This article originally appeared in Spanish on the website of Grupo Joven Fundación Libertad. You can find the original here.
I am sure that all of us, at some point, have studied communism. We study its philosophers, its leaders, we know its followers, and we boast of its failure. We have also discussed the model and its replicas in other countries, but it hurts to see the Cuban or Venezuelan reality. The truth is that it hurt me the most to hear the testimony of my colleague and friend Ludmila Mullova.
During the month of January of this year I participated in the first international seminar of 2020 of the Friedrich Naumann Foundation in Gummersbach, Germany. There I met many people, from all over the world, with whom I shared life stories. But Ludmila’s got me. It was not enough for me to hear about her childhood and adolescence under the communist regime in just 5 minutes of the coffee break, so I asked her to tell me in a short interview what she experienced in the Soviet Union.
Ludmila was born near Moscow and lived 22 years under communism. She left Russia when she met her husband. By the fall of the Berlin Wall she was 27 years old. She described her childhood as “gray.” She told me that when she was a girl, she didn’t wonder if she was happy or not, she only counted on the warmth of her family. She did not understand what was happening around her, but when she grew up she understood everything.

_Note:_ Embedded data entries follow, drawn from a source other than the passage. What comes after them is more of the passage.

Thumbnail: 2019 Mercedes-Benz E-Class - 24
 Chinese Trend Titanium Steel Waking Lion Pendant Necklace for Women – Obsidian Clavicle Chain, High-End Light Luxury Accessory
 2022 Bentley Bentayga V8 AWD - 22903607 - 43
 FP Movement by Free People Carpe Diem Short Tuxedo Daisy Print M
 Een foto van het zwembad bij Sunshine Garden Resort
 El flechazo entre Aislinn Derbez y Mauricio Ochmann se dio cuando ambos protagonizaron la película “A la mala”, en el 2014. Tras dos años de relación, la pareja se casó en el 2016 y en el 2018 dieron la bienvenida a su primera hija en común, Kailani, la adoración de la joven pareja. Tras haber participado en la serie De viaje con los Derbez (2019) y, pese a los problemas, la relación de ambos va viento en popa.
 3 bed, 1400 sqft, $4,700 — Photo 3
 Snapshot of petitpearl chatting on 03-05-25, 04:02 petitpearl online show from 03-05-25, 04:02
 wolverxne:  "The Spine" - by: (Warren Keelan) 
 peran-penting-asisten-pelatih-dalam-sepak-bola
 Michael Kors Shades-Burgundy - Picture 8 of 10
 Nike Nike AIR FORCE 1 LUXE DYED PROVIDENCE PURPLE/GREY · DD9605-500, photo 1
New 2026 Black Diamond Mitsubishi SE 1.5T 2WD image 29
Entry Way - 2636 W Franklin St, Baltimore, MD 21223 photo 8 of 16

She told me that her childhood was ruled by the state. The women went to school and then had singing. When she got home, she had to help with the housework. Ludmila told me that she had to queue for 30 to 60 minutes to get bread, then another line to get butter, and on Sundays to wait for some milk too. In winter it was 20 degrees below zero and she, with less than 10 years, was forced to queue eternally in the open air for a piece of bread.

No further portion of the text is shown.